■ **Work instruction**:
Every entry should be reproduced precisely, with each picture left out.
== Material for this task
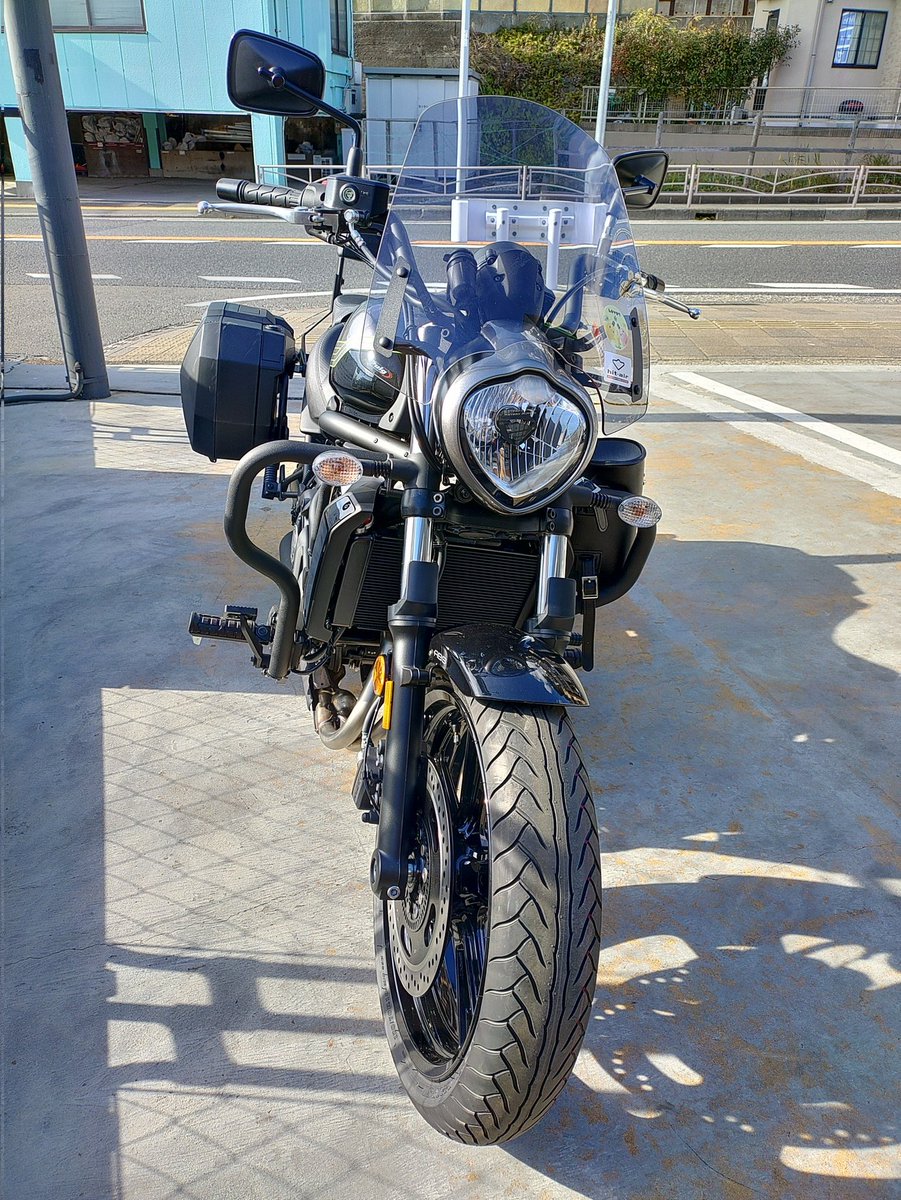 Kan1167181's tweet image. Kanさん二輪隊4号機
Kawasaki Vulcan-S
2026年式
650cc
爆誕🥰

二輪免許取得し36年
6年ぶりのオートバイ
12年ぶりのMT

私のなかで
終わっていなかった
何かを求めて
リターンライダーに
なりました🥰
新たな旅の仲間です
宜しくお願い申し上げます🙇

#VulcanS
#カワサキ 
#リターンライダー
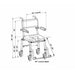 Nuprodx Multichair Wheeled Shower and Commode Chair - Mc4000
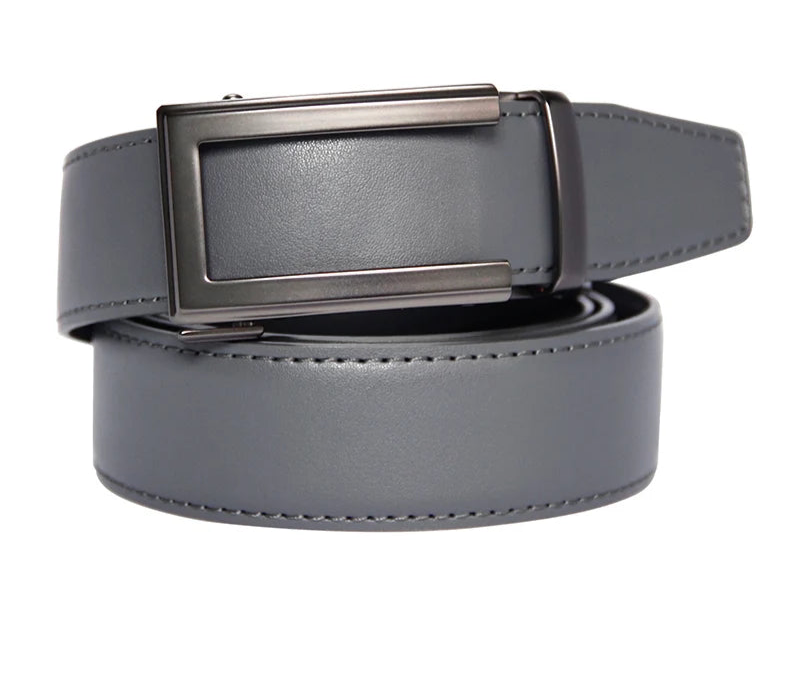 Automatic Metal Buckle Leather Belt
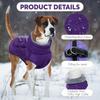 Russian Extreme Cold Waterproof Dog Coat - Windproof, Anti-freeze, Cotton Clothing for Large Dogs
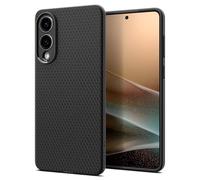 Spigen Cover Liquid Air Compatibile con Samsung Galaxy S25 Edge - Nero Opaco
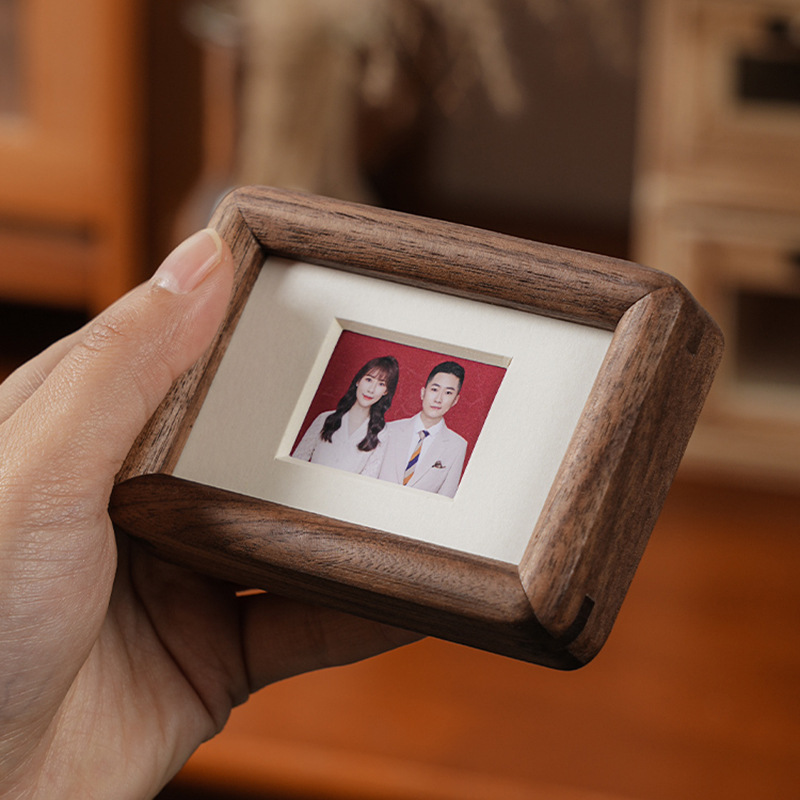 3 '4' ID Photo Frame Magnetic  - Bamboo Photo Frame 评论和价格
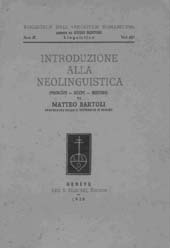 E-book, Introduzione alla neolinguistica : (principi, scopi, metodi), Bartoli, Matteo, L.S. Olschki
====
■ **The answer**:
 Kan1167181's tweet image. Kanさん二輪隊4号機
Kawasaki Vulcan-S
2026年式
650cc
爆誕🥰

二輪免許取得し36年
6年ぶりのオートバイ
12年ぶりのMT

私のなかで
終わっていなかった
何かを求めて
リターンライダーに
なりました🥰
新たな旅の仲間です
宜しくお願い申し上げます🙇

#VulcanS
#カワサキ 
#リターンライダー
 Nuprodx Multichair Wheeled Shower and Commode Chair - Mc4000
 Automatic Metal Buckle Leather Belt
 Russian Extreme Cold Waterproof Dog Coat - Windproof, Anti-freeze, Cotton Clothing for Large Dogs
 Spigen Cover Liquid Air Compatibile con Samsung Galaxy S25 Edge - Nero Opaco
 3 '4' ID Photo Frame Magnetic  - Bamboo Photo Frame 评论和价格
 E-book, Introduzione alla neolinguistica : (principi, scopi, metodi), Bartoli, Matteo, L.S. Olschki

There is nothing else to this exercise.